Prices and rents of Hong Kong’s tiny flats to fall this year as coronavirus-driven uncertainty hits demand amid oversupply
- Rental yield for flats measuring less than 215 sq ft could fall below 1 per cent
- Rents are likely to fall because of rising unemployment, despite low interest rates and increased money supply, JLL says
The prices and rents of Hong Kong’s tiny flats – those measuring less than 215 sq ft – are expected to fall this year as the coronavirus pandemic continues to weigh on the city’s property sector, affecting demand amid a surfeit of supply, analysts said.

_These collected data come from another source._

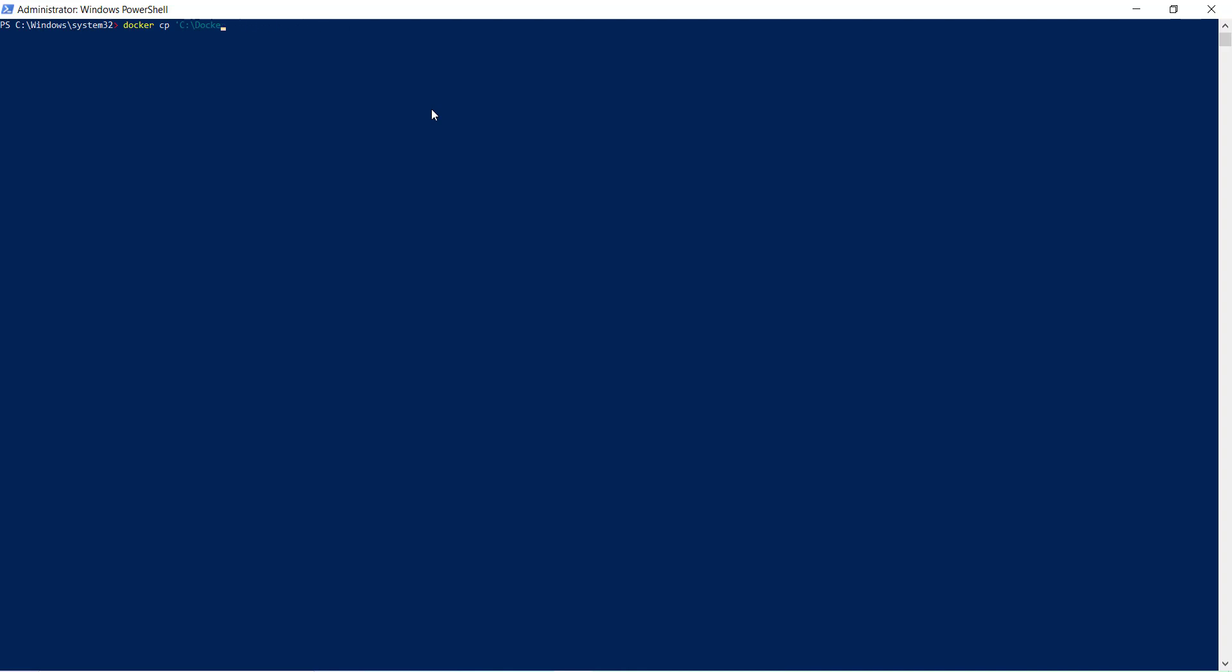You can get the container name using docker ps. So my container name is sqltest. Let's do it.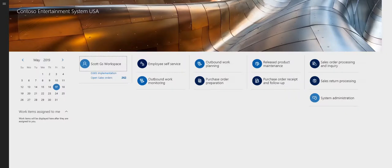What we're going to do today is take a look at the sales order picking process. This is a very simple example where I'm going to pick the product and put it to the bay door. I'm not going to do any staging location or packing location for this particular example — I just want to give an overall review of the sales order picking process in Dynamics 365.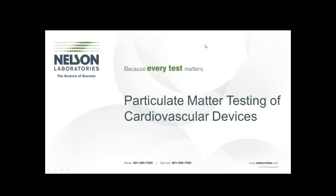Hello, my name is Ryan Lunsford. I am a department manager in the pharmaceutical section here at Nelson Labs, and today I am presenting on particulate matter testing of cardiovascular devices. I've been a study director in the particulate matter testing area for about seven years, and have conducted many tests on a variety of devices, including many cardiovascular devices.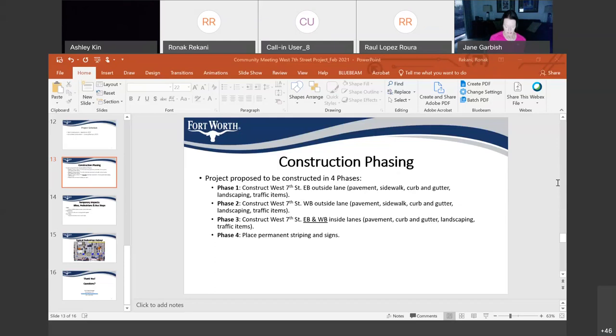Somebody asked what is a buffered bike lane? So a buffered bike lane is basically a bike lane with a raised landscaped median right adjacent to it to kind of keep them out of the traffic lanes and make it safer.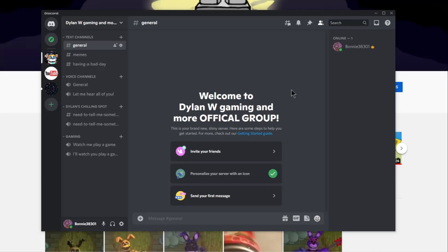But anyhow, I just wanted to say that, and the link will be down in the description, so I hope to see you all there.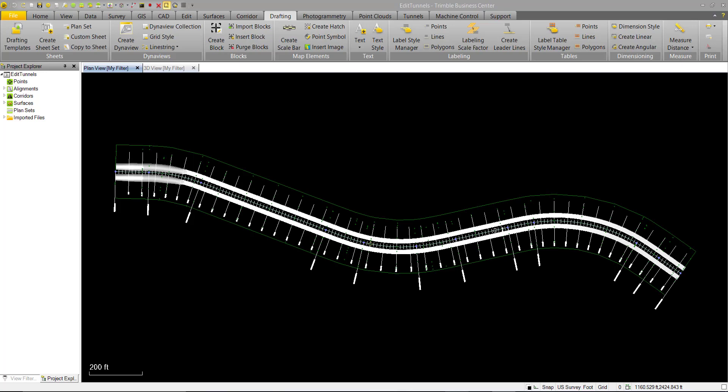In this video we'll show off some potential drafting deliverables for our tunnel design. We're going to work with a tunnel we created earlier.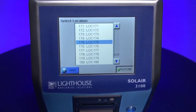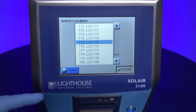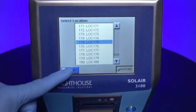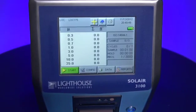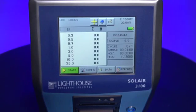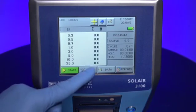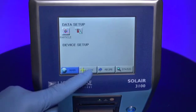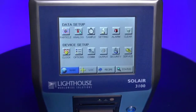You can customize the names of each location. You have 200 sample locations available to you. To customize the names of each location, simply touch the Config button at the bottom of the Home display.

Last year, 982 such flats were completed in the city, according to data from the Transport and Housing Bureau. That shows a 72 per cent increase from the 571 flats completed in 2018 and a more than tenfold increase over 2015, when only 79 were made.
Meanwhile, average rent for units smaller than 40 square metres (about 430.6 sq ft) fell by 13.5 per cent to HK$461 (US$59.5) per square metre a month in February from a peak in August last year, according to the Rating and Valuation Department. Home prices in the segment fell 5 per cent over the same period.
And the rental yield for such flats – just 2.6 per cent in February, according to Rating and Valuation Department data – could fall below 1 per cent, as first-time homebuyers struggle to cover interest on their investments, said Vincent Cheung, managing director of Vincorn Consulting and Appraisal.